This is a total coincidence, but I just ran across this introduction to the paper "New Synchronous Orbits Using the Geomagnetic Lorentz Force" New Synchronous Orbits Using the Geomagnetic Lorentz Force(1, 2) (Brett Streetman and Mason A. Peck: Journal of Guidance, Control, and dynamics, Vol. 30, No. 6, November–December 2007):
In a repeat-groundtrack orbit, the subsatellite point traces out a recurring pattern in some integer number of orbital periods. Traditionally, these orbits are achieved by adjusting the period of a satellite such that it completes an integer number of revolutions in exactly an integer number of sidereal Earth days.
So it seems that the term "repeat-groundtrack orbit" might be a suitably all-encompassing term for Earth orbits with rational number multiples of 1 sidereal day.
Here is a bit more of the first paragraph in case someone is interested...
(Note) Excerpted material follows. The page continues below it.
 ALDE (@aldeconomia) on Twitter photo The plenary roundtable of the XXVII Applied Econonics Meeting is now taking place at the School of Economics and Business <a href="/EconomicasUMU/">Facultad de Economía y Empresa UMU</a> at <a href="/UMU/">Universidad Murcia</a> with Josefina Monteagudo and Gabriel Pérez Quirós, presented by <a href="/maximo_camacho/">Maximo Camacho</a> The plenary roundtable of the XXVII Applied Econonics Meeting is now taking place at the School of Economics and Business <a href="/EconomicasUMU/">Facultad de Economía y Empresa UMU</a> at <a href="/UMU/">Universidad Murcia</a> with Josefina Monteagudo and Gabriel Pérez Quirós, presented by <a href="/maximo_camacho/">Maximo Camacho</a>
Geostationary and geosynchronous Earth orbits (GEOs) are perhaps the most familiar and useful examples. These orbits have a mean motion equal to the spin rate of the Earth. We shall refer to orbits that repeat their groundtrack every orbital period as GT-1 orbits. Thus, all trajectories in GEO are in the GT-1 class. A more general class, the GT-x orbit, repeats its groundtrack every x revolutions. For example, satellites in the GPS constellation are in 12 sidereal hour orbits and can thus be considered GT-2 satellites. Many low-Earth-orbit (LEO) imaging satellites designed for full-Earth coverage also use repeat-track orbits. Every 16 days, over the course of 233 orbits, Landsat 7 covers the full Earth, making it a GT-233 satellite...